Ultimately you just have to toughen up and deal with it, or get the hell out.

What would “toughening up” look like in practice? In your opinion?

OP posts:
blackheartsgirl · 13/07/2023 11:52

Sigmama · 13/07/2023 10:53

It's not my experience of work at all, and please let's not go down that dark alley of other women are to blame bs

Women are bitchy though there’s no doubt about it.

every job I’ve been in from factories to cleaning jobs there’s been low level bitchiness, gossip, badmouthing, women grassing each other up to make themselves look good to the supervisor.

I clean in a school with a team of about ten women, one pathetic incident got so bad our area manager had to come in and sort it out and it was literally like being back in school having to face a teacher ( I wasn’t involved so I didn’t have to)

GasPanic · 13/07/2023 12:02

Stripeymum11 · 13/07/2023 11:41

What would “toughening up” look like in practice? In your opinion?

Ignoring and avoiding stuff that isn't anything to do with you, gossip, poor management practices etc is a good start. After all, you aren't paid for that.

I get it. Some people really want to do their best and don't want to shut up when they see crap going on. I am like this. Tend to tell people what I think and actually want to deal with a problem rather than skirt round the edges.

But the bottom line is that unless you are really mentally strong you can't fight an entire organisation or culture alone.

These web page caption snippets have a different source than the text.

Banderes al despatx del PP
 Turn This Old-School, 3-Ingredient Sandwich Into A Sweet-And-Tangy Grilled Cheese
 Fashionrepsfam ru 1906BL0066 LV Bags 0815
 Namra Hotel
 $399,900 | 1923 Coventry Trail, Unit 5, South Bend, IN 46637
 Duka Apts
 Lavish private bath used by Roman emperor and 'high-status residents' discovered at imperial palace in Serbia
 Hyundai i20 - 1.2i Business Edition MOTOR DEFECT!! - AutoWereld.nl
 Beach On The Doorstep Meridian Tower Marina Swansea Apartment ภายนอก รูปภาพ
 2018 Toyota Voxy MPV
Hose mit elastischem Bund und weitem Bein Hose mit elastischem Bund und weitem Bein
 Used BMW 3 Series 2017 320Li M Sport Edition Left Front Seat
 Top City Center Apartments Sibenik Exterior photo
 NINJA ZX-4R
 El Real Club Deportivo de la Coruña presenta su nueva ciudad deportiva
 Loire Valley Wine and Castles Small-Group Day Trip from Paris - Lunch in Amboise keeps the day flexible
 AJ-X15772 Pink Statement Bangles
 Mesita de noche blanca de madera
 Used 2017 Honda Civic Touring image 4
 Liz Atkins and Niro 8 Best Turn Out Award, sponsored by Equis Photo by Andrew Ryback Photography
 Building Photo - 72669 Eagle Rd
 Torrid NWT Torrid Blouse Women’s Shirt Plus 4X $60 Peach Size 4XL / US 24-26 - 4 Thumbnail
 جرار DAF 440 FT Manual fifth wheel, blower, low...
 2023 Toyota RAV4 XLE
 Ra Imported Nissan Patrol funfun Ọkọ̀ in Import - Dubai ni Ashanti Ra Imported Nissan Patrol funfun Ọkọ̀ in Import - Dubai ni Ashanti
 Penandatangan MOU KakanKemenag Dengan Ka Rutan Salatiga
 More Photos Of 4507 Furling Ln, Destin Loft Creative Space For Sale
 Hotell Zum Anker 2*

In some organisations changing things for the better and speaking out on things that are clearly wrong is a good thing. But I suspect in most it just makes you a hated target for the people you piss off in the process of doing so. Generally for one person to look great another has to look stupid. If you are going to speak out to change things, it has to be done with a great deal of care, tact and diplomacy, otherwise you may be threatening someone else's livelyhood. And not surprisingly, they don't always take too kindly to that.

Ultimately over time most of us change from young radicals who want to change the word to hardened cynics who are happy to shut up and take the money and tick the boxes over the course of our careers.

Sad but true. If you aren't interested in being a top level manager and climbing the greasy pole then the sooner you get to this stage the better.

Stripeymum11 · 13/07/2023 12:14

@GasPanic That’s great advice.
I shall try it out this year and see how it goes!

OP posts:
towriteyoumustlive · 13/07/2023 12:40

What sort of school do you work in?!?! You're in the wrong school!

I'm a teacher and generally love where I work. A mixture of male and female senior staff, male headmaster, but they usually listen to us, and we kick up a shit storm when they don't and demand changes.

The head is very supportive of staff wellbeing. Happy teachers = good school. Our staff turnover is VERY low (generally those who leave are leaving teaching for good, retiring or relocating).

Superdupes · 13/07/2023 13:35

I'm in the first job (at 50) where I really, really like the people I work with. It's part time though which probably helps prevent us getting sick of each other. I also have a female boss who seems to be on our side.

AllAboutMargot · 13/07/2023 13:51

Yes, I agree, it's toxic.

I've been unhappy in every job I've ever had because of the situations you describe OP.

Could be me, though!

Bibbidybobbody · 13/07/2023 18:00

dikwad · 13/07/2023 10:43

The only place I have is experienced anything like you've written is when I have worked with other women. I now work as office manager in a construction company, I am the only woman in a team of about 50 and I enjoy each and every day without the gossip and bullshit I've experienced with other females previously.

I (female) work in construction for this reason too. Worked in other industries prior to this and the backstabbing was mental. I now sit in meetings and out on site as the only woman where the men and I throw fucks and other expletives at each other and air it all out in the open. Then shake hands and on we go about our day.

Bibbidybobbody · 13/07/2023 18:00

I do however have to experience everyday sexism.